A group of Israel Prize laureates and other notable artists and academics endorsed Palestinian plans to declare independence along 1967 lines at a Tel Aviv ceremony.

Thursday’s rally was held next to the building where Israel’s founders declared statehood in 1948.

At an event that became heated when right-wing protesters heckled the group along with some 200 supporters with calls of “traitors” and “the left supports terror,” the declaration was read aloud.

“The Jewish people arose in the Land of Israel, where its character was forged. The Palestinian people is rising in Palestine, where its character was forged,” the declaration said.

“We call on everyone who seeks peace and freedom for all peoples to support the declaration of Palestinian statehood, and to act in a way that encourages the citizens of the two states to maintain peaceful relations on the basis of the 1967 borders,” it said.

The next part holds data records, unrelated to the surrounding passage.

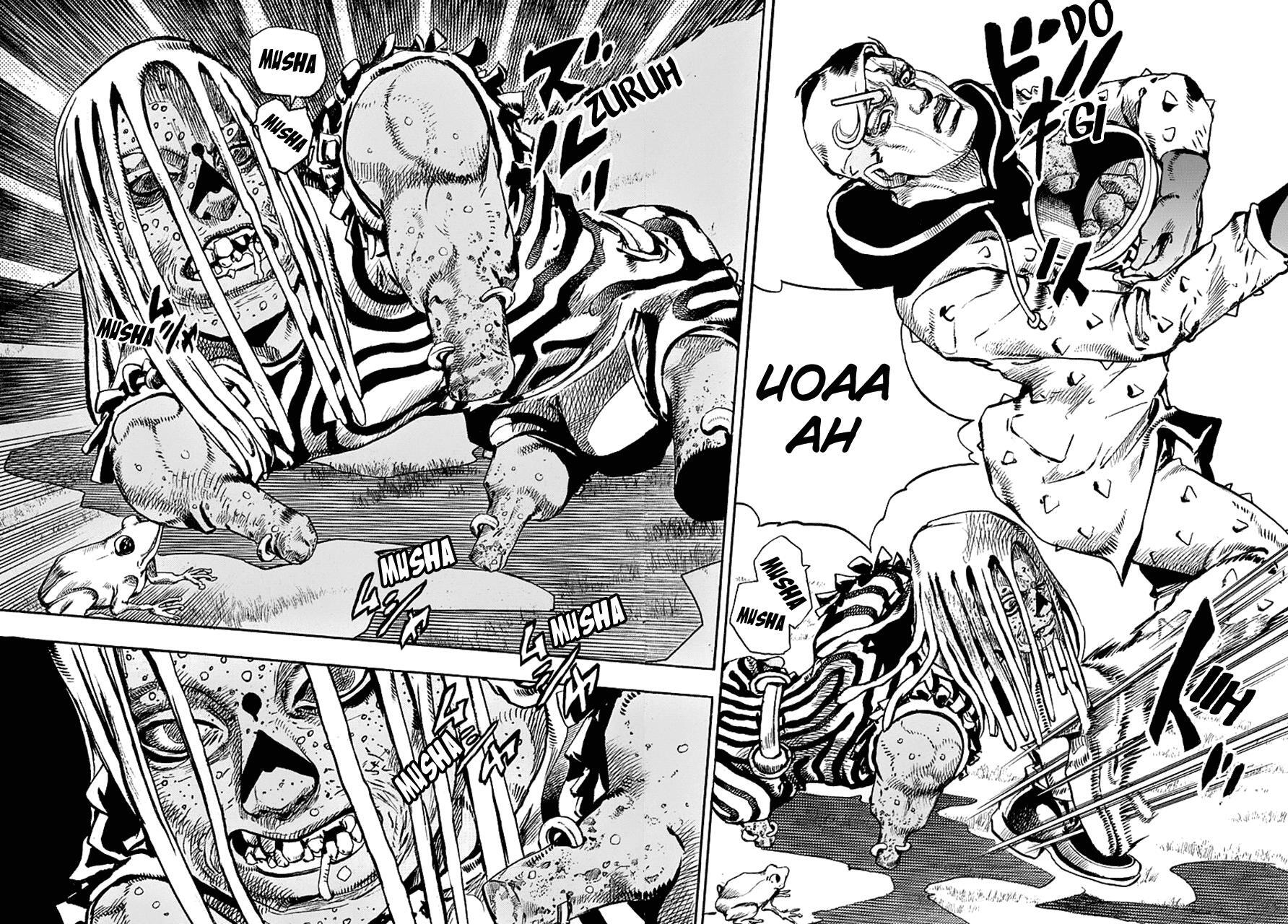 Read JoJo's Bizarre Adventure Part 8 - JoJolion Manga Online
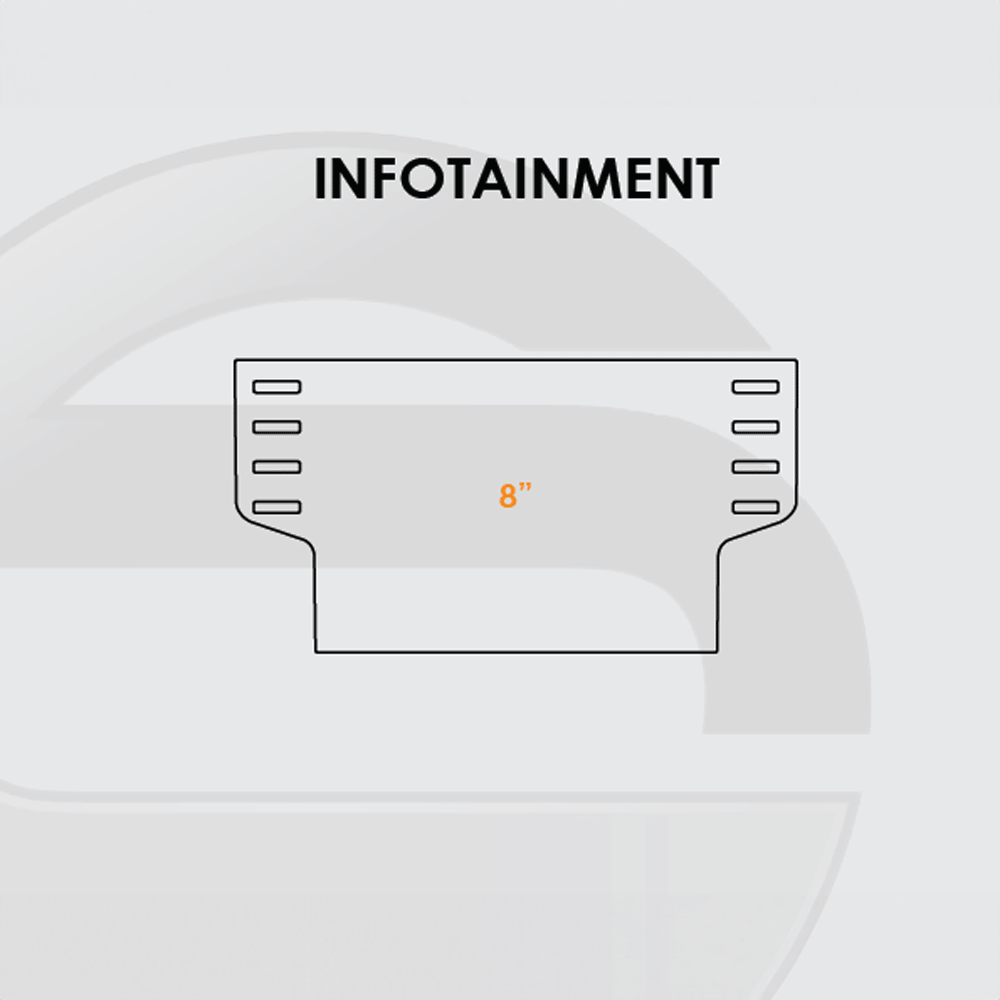 Screen ProTech Kit - Toyota 4Runner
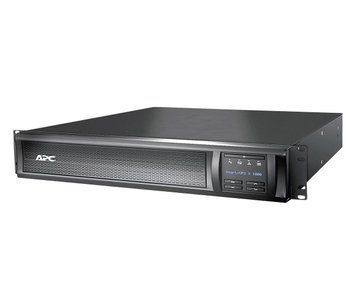 Линейно-интерактивный ИБП APC Smart-UPS 1500VA (SMX1500RMI2U) 363430ua фото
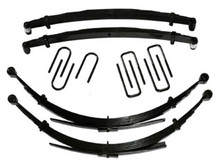 Skyjacker 4" CUMMINS DIESEL SYS W/4"R - D400CDKS4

“The total end to the occupation,” declaration said, “is a fundamental precondition for the liberation of the two peoples.”

Police were forced to physically separate the left-wing and right-wing groups.

With peace talks at a standstill, the Palestinians have decided to seek recognition of statehood from the U.N. General Assembly in September—a move Israeli Defense Minister Ehud Barak has warned could launch a “diplomatic tsunami.”

Analysts are predicting increased political isolation and possible economic sanctions for Israel should a Palestinian state be internationally recognized.

Israel and the United States have rejected the idea of the Palestinians going to the United Nations for recognition before a peace deal is forged.

Among those watching Thursday’s event was Hanna Keller, 82, who also attended the 1948 Israeli declaration of independence as a teenaged soldier in the Haganah, the prestate militia.

“We were full of hope then that there would be two states but that never came to be,” she said. “Only if we both have states can we both survive.”